Sur une avancée vers la forêt, se trouve une grande stèle en pierre blanche sur laquelle est inscrit en lettres capitales : « Autour de ce monument qu’ils ont édifié en 1981, les Fils et filles des déportés juifs de France ont planté la Forêt du Souvenir, 80 000 arbres pour 80 000 vies », la traduction en hébreu se trouve juste à côté.



Cette fameuse forêt est l’oeuvre des Fils et filles des déportés juifs de France qui ont travaillé en collaboration avec le Fonds national juif, ou Keren Kayemeth LeIsrael (KKL) en hébreu.
Dédié au développement de la terre d’Israël, ce fonds national, créé en 1901 lors du 5e Congrès sioniste, souhaite avant tout renforcer le lien entre la population juive et sa nation, en développant des projets pour « changer le visage du pays », selon ses responsables.


10 000 rescapés rassemblés

 
La première pierre de cet édifice – imaginé par Serge Klarsfeld et conçu par Serge Guerchon en collaboration avec Annette Zaidman – a été posée le 6 mars 1981, dans un geste symbolique, par Maxi Librati, juif marocain déporté dans un camp, où il était affecté au « commando de la mort », chargé de brûler les corps des juifs asphyxiés.
Lors de l’inauguration du mémorial, le 18 juin 1981, date emblématique de l’Appel à la Résistance du général de Gaulle, de nombreuses personnalités étaient présentes : le Grand Rabbin de France René Samuel Sirat, l’ambassadeur de France en Israël Marc Bonnefous, ainsi que le représentant du gouvernement israélien Eliahou Ben Elissar et plusieurs délégués des différentes communautés juives dans le monde.
Pour l’occasion, 10 000 survivants français de la Shoah étaient réunis pour la première et dernière fois, 5 000 d’Israël et 5 000 de diaspora, ce qui a constitué le premier plus grand rassemblement de rescapés français de tous les temps.
En trente ans d’existence, le mémorial a essuyé plusieurs actes de vandalisme, notamment par l’inscription de croix nazies sur les différentes structures. Aucune enquête n’a été menée pour démasquer les vandales.
A l’origine, la terre d’Israël avait été préférée à la France, l’association des Fils et filles des déportés juifs de France pensait alors que l’existence et la longévité d’une telle structure en Terre Sainte s’avéreraient plus sereines et pacifiques.
 

En faire des « sujets » de l’Histoire

Tous les ans, deux cérémonies commémoratives ont lieu devant le mémorial : à l’occasion de Yom Hashoah, au mois d’avril, pour l’anniversaire de la rafle du Vel d’Hiv, 16 juillet.
Pour cette dernière occasion, les membres de l’association Aloumim (association israélienne des enfants cachés en France pendant la Shoah) se rassemblent devant l’édifice, en souvenir de leurs proches défunts.
De manière plus occasionnelle également, il n’est pas rare que des groupes de touristes français viennent s’y recueillir.
Avant tout pour honorer la mémoire des disparus, ce mur existe pour commémorer l’ensemble des déportés de France durant la Shoah.
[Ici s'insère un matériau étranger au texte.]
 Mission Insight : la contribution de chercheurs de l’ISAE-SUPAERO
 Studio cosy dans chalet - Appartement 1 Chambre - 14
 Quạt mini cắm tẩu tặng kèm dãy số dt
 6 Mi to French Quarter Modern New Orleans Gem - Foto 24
Mais seuls les disparus ont été listés.
Ce recensement des déportés et disparus français de la Shoah a permis aux enfants des victimes d’en savoir davantage sur leurs aînés, en apprenant notamment le numéro de leur convoi, et la date de leur décès.
Robert Spira, passionné par l’histoire de la Shoah et fils d’une victime de cette « catastrophe » se souvient : « La première fois que j’ai vu écrit le nom de mon père, je ne pouvais plus respirer ».
Ce monument va enfin à l’encontre de l’oubli causé par le temps qui passe. En gardant en mémoire le souvenir de ces disparus. En les faisant redevenir « sujets » de l’Histoire.
 

Pour ne pas oublier, récit d’une matinée sous le signe de l’émotion.
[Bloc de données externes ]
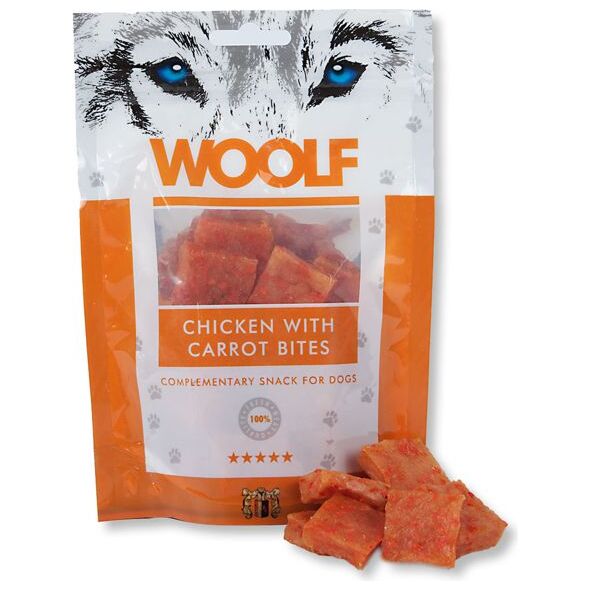 Brit WOOLF 100g CHICKEN CARROT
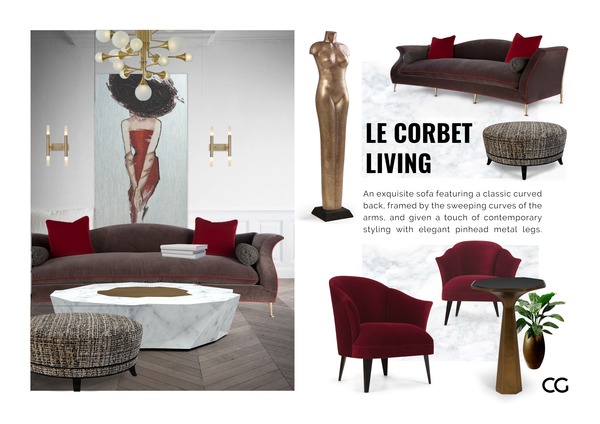 Luxury Living Symphony: Designer Furnishings in Perfect Harmony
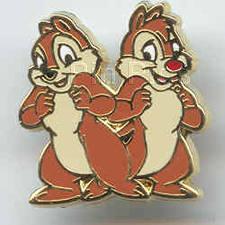 WDW - Chip & Dale - Build A Pin - Add On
Pour ne pas oublier, pour conserver une conscience nationale, les Fils et filles de déportés juifs de France, en présence de représentants du corps diplomatique français et d’Arno Klarsfeld, étaient tous réunis dans la forêt de Roglit, à l’occasion de Yom Hashoah.
Pour Valérie Spira, organisatrice de l’événement et représentante avec son père de l’association des Fils et filles de déportés en Israël, la démarche est importante car « oublier (les disparus) serait les tuer une seconde fois ».
Pour ces « héritiers » de déportés, le jour de la commémoration de la Shoah est devenu un rituel. Outre un travail de mémoire, ce jour est aussi l’occasion de se retrouver avec ceux qui ont un passé commun : celui d’avoir perdu ses parents ou/et un être cher. Une tribune pour raconter sa propre histoire, ses souvenirs. Certains cherchent à chaque fois, sur le mur, le nom de leur famille, comme pour vérifier qu’il y soit toujours écrit.
En ce jour marqué par le souvenir, ils étaient environ 500 à s’être déplacés jusqu’au mémorial des martyrs juifs de France.
Lors de toute commémoration, s’exprimer, témoigner est nécessaire. Christophe Bigot, ambassadeur de France en Israël, sera le premier à s’exprimer. Empreint d’une gravité et d’une émotion certaine, son discours est revenu sur le caractère incompréhensible de cette catastrophe et a évoqué la « folie de la machine exterminatrice » qui a sévi, durant ces années de souffrance. L’entreprise de Serge Klarsfeld a redonné, selon lui, une réelle identité aux disparus comme une « revanche contre la barbarie ».
Et le diplomate de conclure en souhaitant que la forêt de Roglit « puisse (…) protéger longtemps du silence et de l’oubli ».
C’est ensuite Arno Klarsfeld, venu représenter sa famille, qui a pris place derrière le pupitre. Pour lui, cette commémoration ne doit pas être vue comme une repentance, mais comme un devoir de mémoire. Le fils de Serge et de Beate a alors relaté l’arrestation de ce grandpère dont il porte le nom et le prénom. Et d’expliquer que c’est cette injustice qui s’est abattue sur son grand-père, qu’a voulu combattre son père.
Avec le poignant témoignage de Rosy Bursztein, c’est la question des survivants de la Shoah qui sera abordée.
« Comment avons-nous pu, nous, rescapés, échapper à ce carnage ? » avait déclaré son père. Réapprendre à vivre, après une telle ignominie, a été le défi de ces miraculés.
Lorsqu’il est arrêté, le père de Robert Spira promet une lettre à son fils. En ce jour de commémoration des disparus de la Shoah, c’était l’occasion pour le fils de répondre à son père, en lui posant les questions restant encore aujourd’hui sans réponse. « Quand as-tu compris qu’on ne revient jamais d’Auschwitz ? Quand as-tu compris que tu n’étais qu’un mort en sursis ? ».
Lors de Yom Hashoah à Roglit, la matinée aura été celle d’un recueillement intense, bercé par les mélopées de El Malei Rahamim et du prenant Ani Maamim.